Epic Games has agreed to pay a fine totalling US$520 million (~RM2.3 billion), set by the US Federal Trade Commission (FTC), in order to put allegations pertaining to its battle royale title, Fortnite. The fine comprises two parts: one over the violation of the Children’s Online Privacy Protection Act (COPPA), and the other over billing practices and use of dark patterns.
For the first violation, The FTC fined Epic Games US$275 million (~RM1.22 billion), a sum that the government agency says is the largest it penalty it has slapped a company with over the issue.

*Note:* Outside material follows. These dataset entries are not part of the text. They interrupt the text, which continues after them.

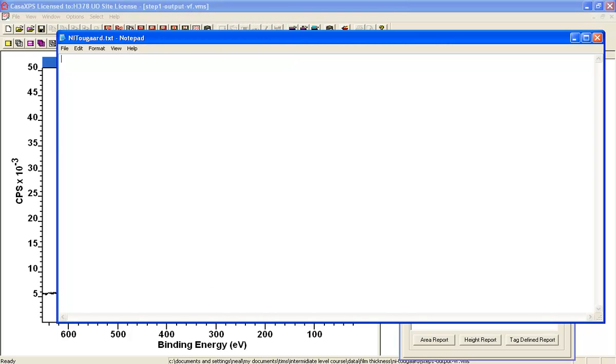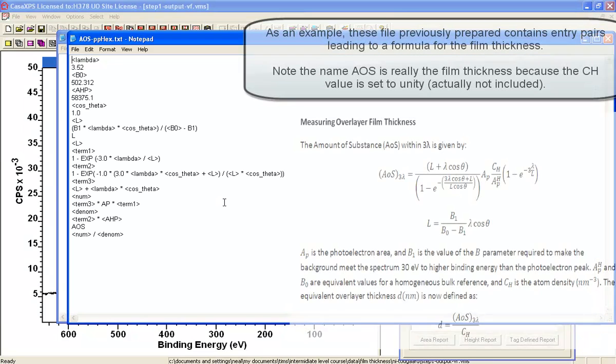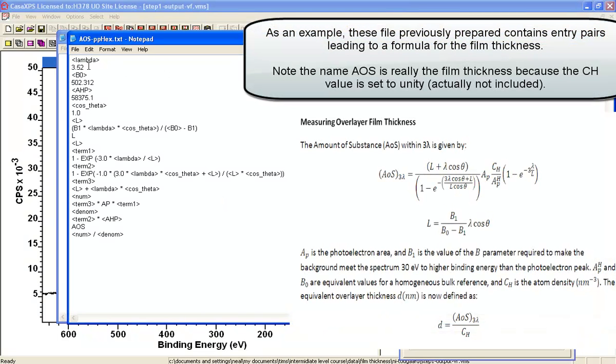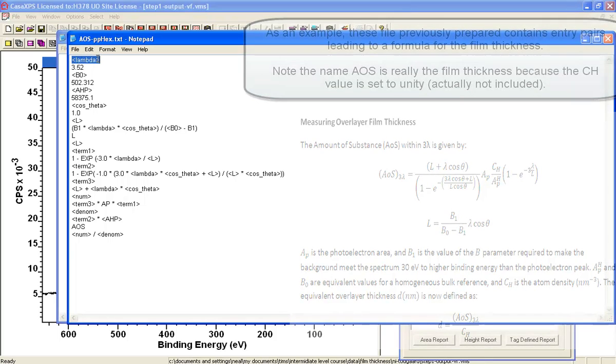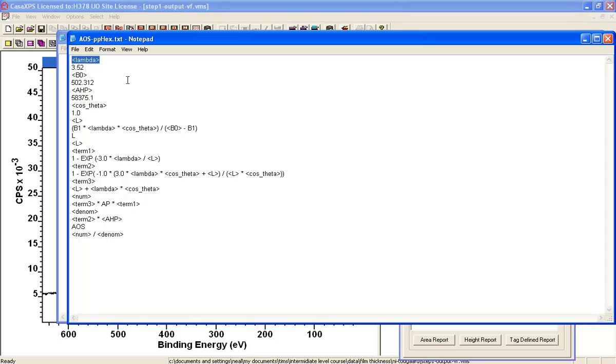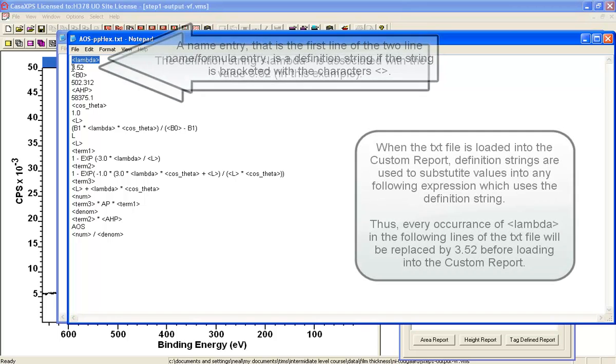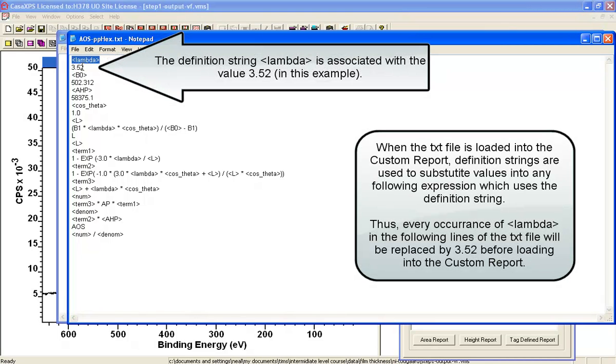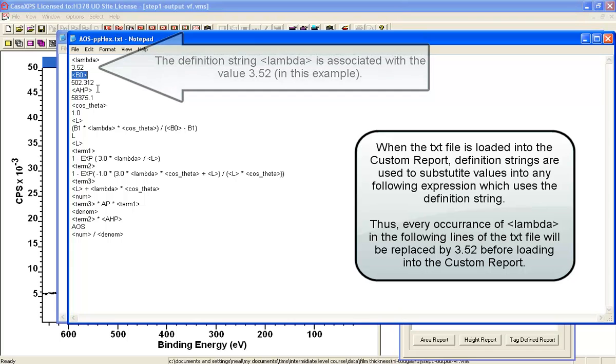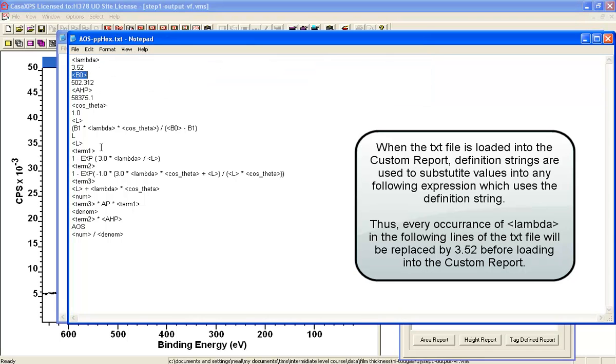Now just to give you a preview of what we're going to do, this is a file that has been previously set up and it contains entries such as this one which is a definition entry which tells me what lambda is equal to, and it's going to be equal to 3.52 in this case. There's a B0 parameter and these are all set up so that ultimately when this file is loaded, each time you see one of these definitions it will be substituted with the value that's been associated with the definition.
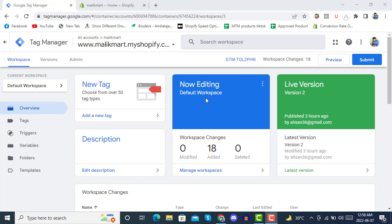Hello and welcome to Ecom Premium. Today we are going to see how you can integrate Google Analytics 4 with Google Tag Manager and track events like purchase events and sales events in Shopify. We will see a full tutorial.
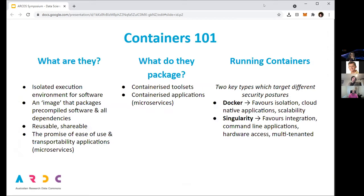It's worth taking a step back and thinking about what containers and Kubernetes are. Containers simply provide a lightweight execution environment for software and applications. They are essentially an image that packages up pre-compiled software with all of its dependencies, libraries, and even data into a single bundle that is effectively isolated from the environment it runs in. They provide a way to share libraries, code, configurations, and data amongst researchers, doing away with code compilation and library dependency issues.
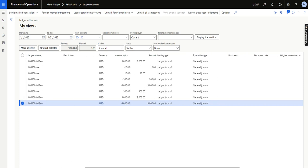One more important thing to add: it only works with the same amount. If there is a 9000 debit transaction and on the credit side there are two transactions of 4500 and 4500, even though those transactions match on ledger account and dimension, it will not auto-match. It will only work with the same amount and the same matching criteria.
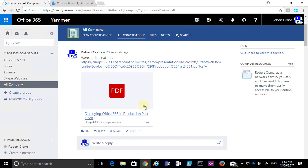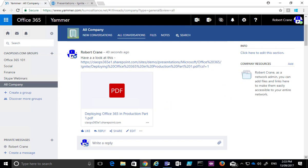If somebody doesn't have access to it and they click on it, the SharePoint permissions will kick in and prevent them from accessing that file. So the idea with putting a link to a file inside a Yammer conversation is that we retain a single point of truth. We still have our conversations around the file and it's a central way to share and collaborate on a file.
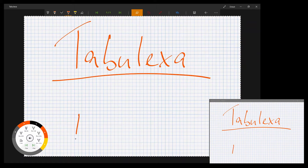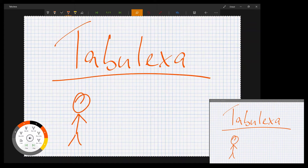Hi, welcome. This video is a short introduction for a Windows 10 app called Tabolexa. The app provides an interface for tablets, touchscreens, or pen displays to project your handwritten notes during a presentation to another device.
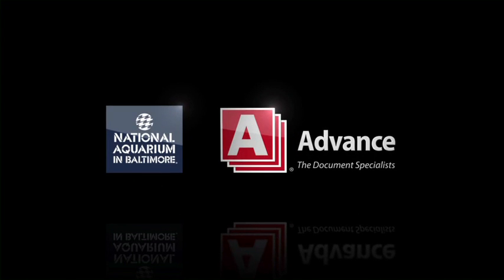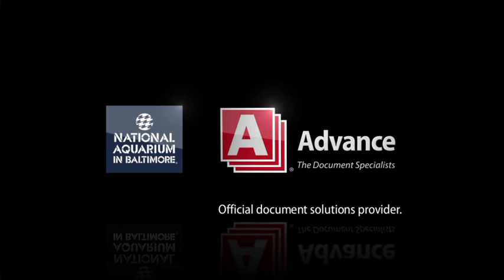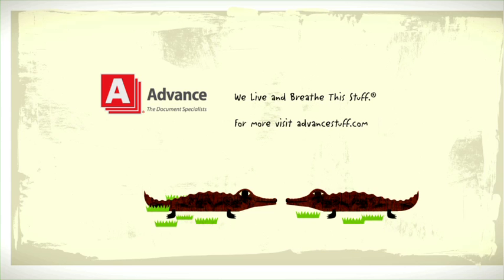The National Aquarium chose Advance as their official document solutions provider. Smart choice. Good people.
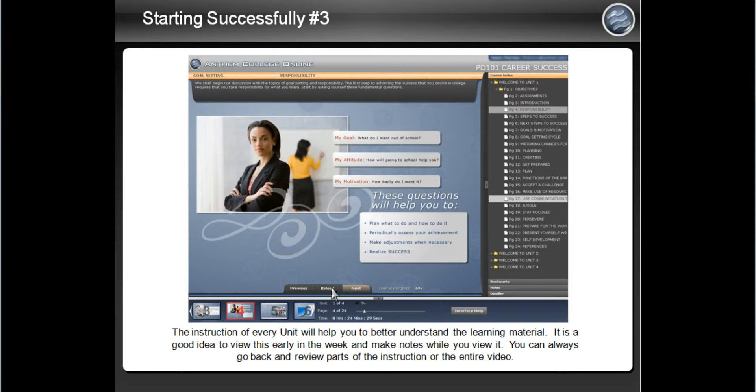Here you can see your progress through the instruction. On the right you view the different topics the instruction goes over. After you finish the instruction, you can also go back and view any topic by just clicking it.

The second fine, or order in this case, requires the Unreal Engine 5 (UE5) owner to refund customers US$245 million (~RM1.08 billion) over billing practices and the earlier mentioned “dark patterns”. For the uninitiated, that term is a name given to a site’s UI and design that is more or less purposefully made to be scammy, both in design and practice.
Epic Games creator of the video game Fortnite, to pay a total of $520 million over FTC allegations Epic violated the Children’s Online Privacy Protection Act and deployed dark patterns to dupe millions of players into making unintentional purchases: https://t.co/yHaQx8VXlu
— FTC (@FTC) December 19, 2022
“As our complaints note, Epic used privacy-invasive default settings and deceptive interfaces that tricked Fortnite users, including teenagers and children,” FTC Chair Lina M. Khan said . “Protecting the public, and especially children, from online privacy invasions and dark patterns is a top priority for the Commission, and these enforcement actions make clear to businesses that the FTC is cracking down on these unlawful practices.”

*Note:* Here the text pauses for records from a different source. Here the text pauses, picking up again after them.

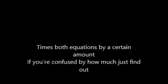Times both equations by a certain amount. If you're confused by how much, just find out.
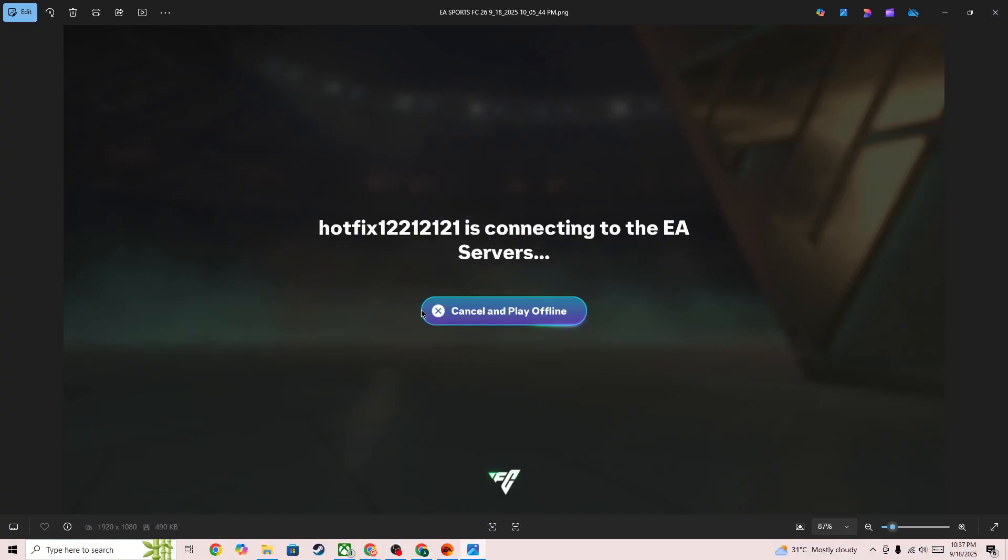Hello everyone. If you're getting this error connecting to the EA servers and it's stuck on this screen, in this video I'll be showing you how you can fix it.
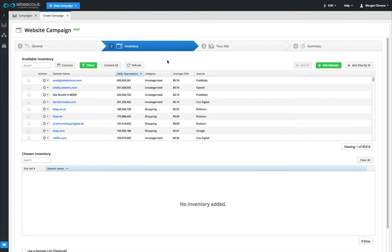Other campaign types will provide different inventory options, such as run of network or run of exchange, as well as mobile apps and video inventory. Those inventory options will be covered in other videos.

Elaborating on the second fine further, the FTC alleged Epic Games had actually used its dark patterns to trick players into making unwanted purchases, as well as allowing children to rack up unauthorised charges, all with parental consent. This happened inspite of the Fortnite owner having rolled out “cabined” accounts this month for young Fortnite, Fall Guys, and Rocket League players on its platform.
These “cabined” account from Epic Games were basically supposed to lock children out of certain features that require parental consent, such as voice chat or even buying items from in-game stores with real money.
Epic Games has said that it has already “restored thousands of accounts that were banned due to reported chargebacks” that occurred with its previous policy. As of now, the company’s digital platform no longer stores payment information by default, and users will have the chance to opt out of it.